Desde temprano, columnas de manifestantes comenzaron a llegar por Avenida de Mayo y las diagonales Norte y Sur. Ya al mediodía, el espacio estaba prácticamente colmado, mientras el flujo de personas no se detenía. Organizaciones de derechos humanos, agrupaciones políticas, familias y ciudadanos independientes participaron de la jornada para decir “presente” en una fecha emblemática para la historia argentina.
Con el correr de las horas, la Plaza y sus alrededores se transformaron en un escenario cargado de símbolos. Pancartas, banderas y fotografías de personas desaparecidas se multiplicaron entre la multitud, en una manifestación que volvió a poner en el centro la pregunta que atraviesa cada 24 de marzo: ¿dónde están?
Uno de los momentos más significativos se dio con el paso de la extensa bandera que reúne los rostros de los desaparecidos durante la última dictadura. Su avance generó un profundo silencio en las calles, seguido por aplausos y consignas que se replicaron a lo largo de la marcha. También se destacaron imágenes como la figura de El Eternauta, en homenaje a su creador Héctor Germán Oesterheld, secuestrado junto a sus hijas durante el terrorismo de Estado.
La jornada estuvo atravesada por la presencia de distintas generaciones. Niños, jóvenes y adultos participaron de la movilización con carteles, remeras y símbolos vinculados a la memoria.
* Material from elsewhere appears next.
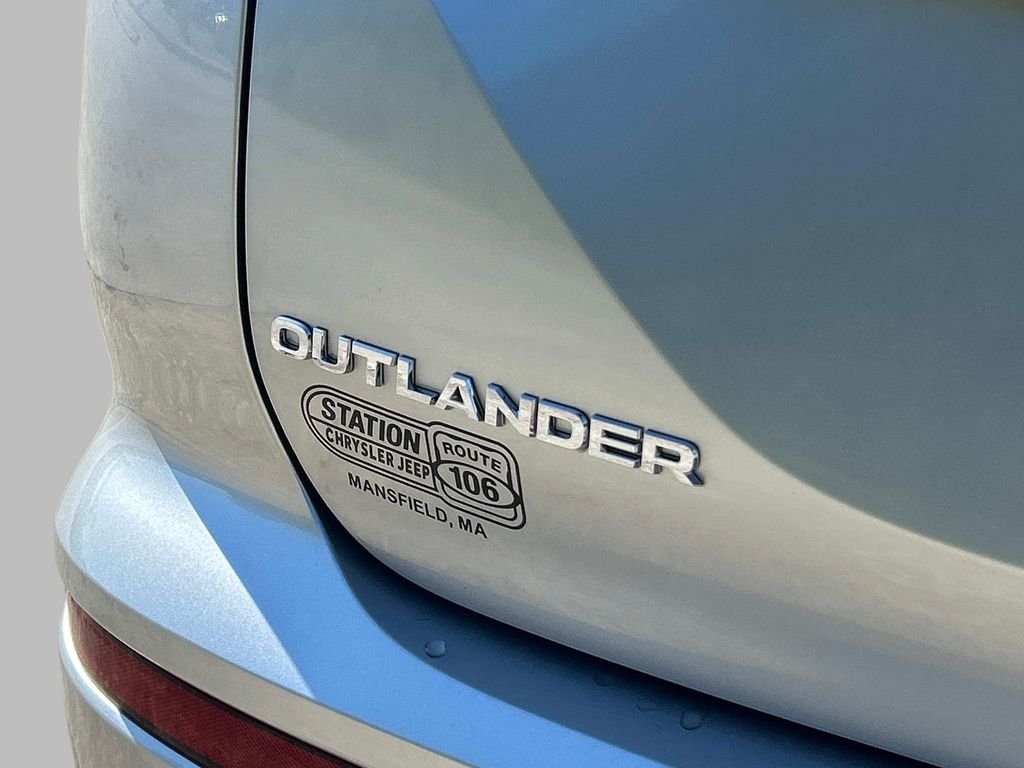 Used 2025 Silver Mitsubishi SEL image 14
Muchos de ellos portaban imágenes de familiares desaparecidos, manteniendo viva una historia que sigue marcando a la sociedad.
De acuerdo con el informe Nunca Más, el 60% de las personas desaparecidas tenía entre 21 y 30 años al momento de su secuestro, un dato que volvió a resonar entre quienes marcharon recordando a sus seres queridos.
El acto central se desarrolló durante la tarde y, cerca de las 18, comenzó la desconcentración. Aun así, el clima de la jornada se mantuvo en las calles mientras miles de personas se retiraban lentamente, muchas veces en silencio, otras entonando consignas históricas.
La movilización dejó en claro que, a medio siglo del golpe militar, persisten los reclamos por verdad y justicia, así como la exigencia de avanzar en la apertura de archivos y en el esclarecimiento de los crímenes cometidos durante la dictadura.
Con banderas en alto —tanto físicas como simbólicas—, la jornada concluyó con una consigna que atraviesa generaciones: memoria, verdad y justicia, y el compromiso colectivo de que el horror no vuelva a repetirse.